Can the culture look at failure as a step forward to making lasting significant improvement?
- Are there learning systems in place to capture insights from transformation attempts to build future initiatives?
A culture that possesses these qualities is better prepared to adapt to the future. But that is easier said than done. Studies show that companies with less than 100 employees are nearly three times more likely to say their digital transformation was a success than employees at organizations with more than 50,000 employees. There are several factors that influence the inability for large organizations to embrace change (like multiple levels of approval, broad buy-in required for change and the general lack of alignment) but the collective Cultural Embrace for smaller organizations is compelling.

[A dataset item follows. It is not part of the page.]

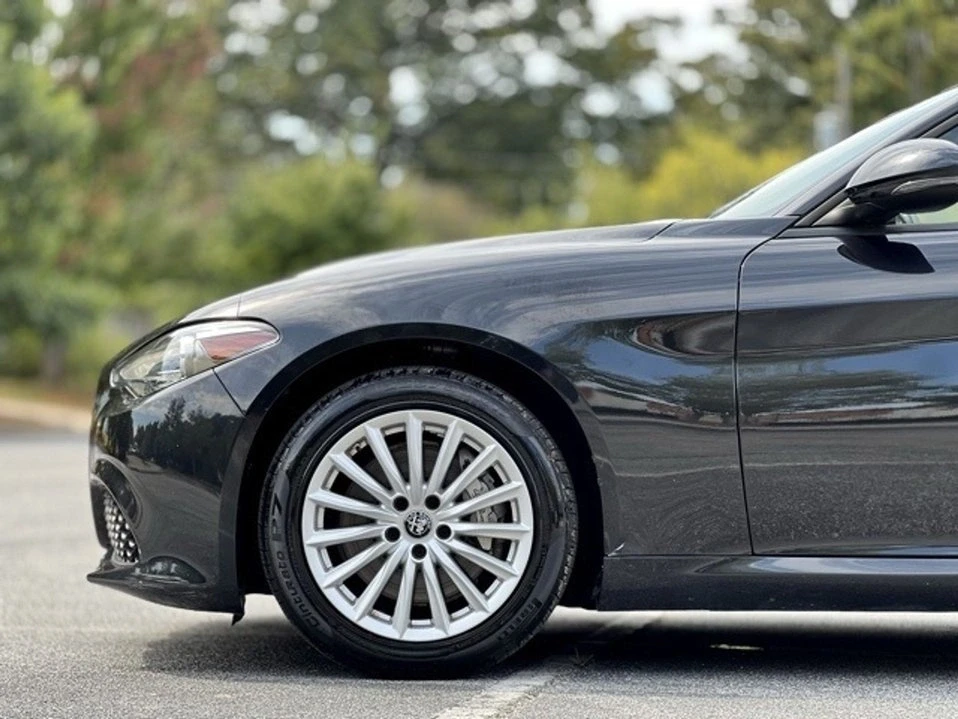 2022 Alfa Romeo Giulia - Image 11 of 20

How Others are Embracing Technological Change
The good news for people that are worried their organization is behind is that only 7% of organizations have fully transformed to a digital-first business strategy. Plus 39% of executives believe that their companies will not capture the greatest benefit for another three to five years. As many as 45% of executives don’t believe their organization has the right technology to even attempt a digital-first strategy. Plus some reports conservatively estimate that many digital transformation efforts often change goals and outcomes to achieve a lower (but marginally acceptable) level of success. Overall, there is still some room to gain on competitors
But for services and healthcare, the time for change is now and these industries are leading the way to adopt a digital-first strategy. Our clients in these verticals are looking to increase their Technical Embrace by implementing a digital-first approach throughout operations to drive out cost and make their operations more agile.
Clients have made great progress by automating everything from decision protocols that rely on machine learning and artificial intelligence to reconfiguring databases and search protocols to make access to data more immediate. The focus is on achieving frictionless data utilization across several processes to increase information immediacy and increase data relevance for users. We measure each of these results as exponentially increasing their Technical Embrace.
In services and healthcare customers are now conditioned to expect that organizations can understand their expectations and anticipate their needs. Service organizations have a great incentive to improve their overall customer experience and eventual customer satisfaction using AI and other connected technology. Cloud based applications are driving improved customer interactions and as reputations are enhanced based on successive positive experiences. Their Cultural Embrace is the natural result of enhanced customer experience expectations and this trends drives internal adoption of new technologies by stakeholders.
Although the measures of Technical Embrace and Cultural Embrace and not absolute measures they do display as a relative measure of progress and can serve as a motivator for organizations running the technology race for today.